§ EXERCISE PROMPT
Examine the material below and count the lines that hold the word "Used". Report only the number.

§ PROVIDED INFORMATION
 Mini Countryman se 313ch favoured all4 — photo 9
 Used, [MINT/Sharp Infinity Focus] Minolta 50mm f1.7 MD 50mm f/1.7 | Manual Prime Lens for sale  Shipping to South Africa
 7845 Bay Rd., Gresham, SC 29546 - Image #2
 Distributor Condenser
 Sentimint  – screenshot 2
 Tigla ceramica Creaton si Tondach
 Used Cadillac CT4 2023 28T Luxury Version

==

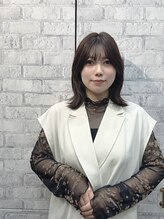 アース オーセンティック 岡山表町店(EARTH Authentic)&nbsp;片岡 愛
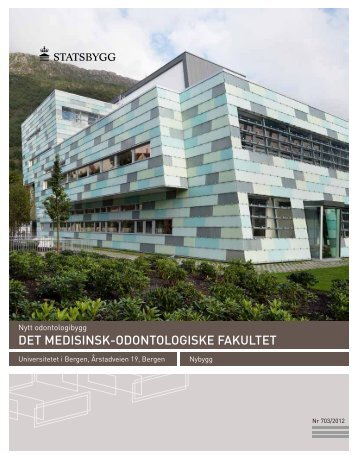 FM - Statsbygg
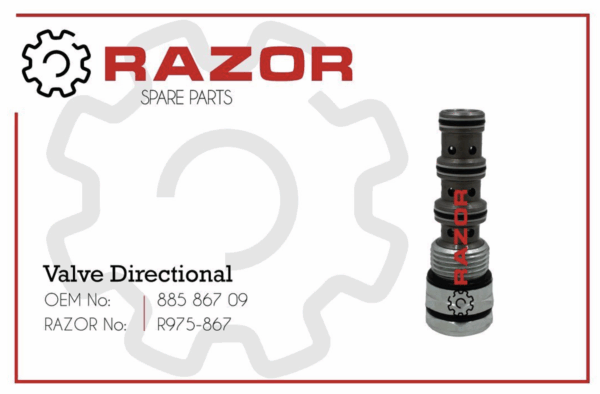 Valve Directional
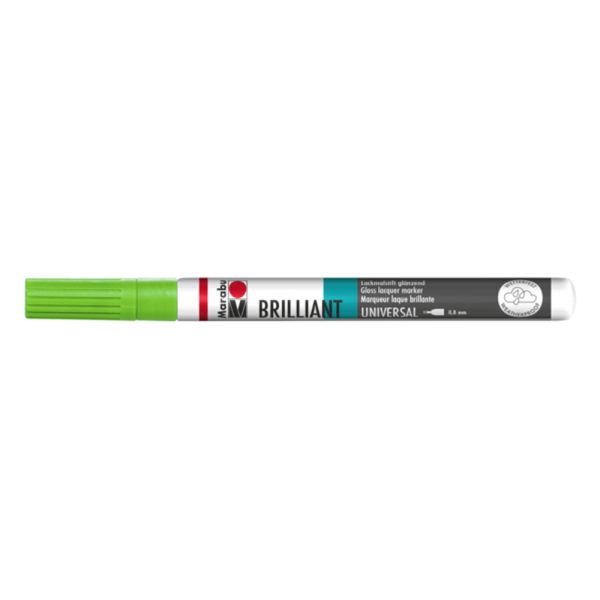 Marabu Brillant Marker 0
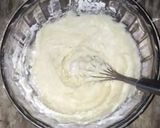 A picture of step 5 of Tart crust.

§ ANSWER SPACE
2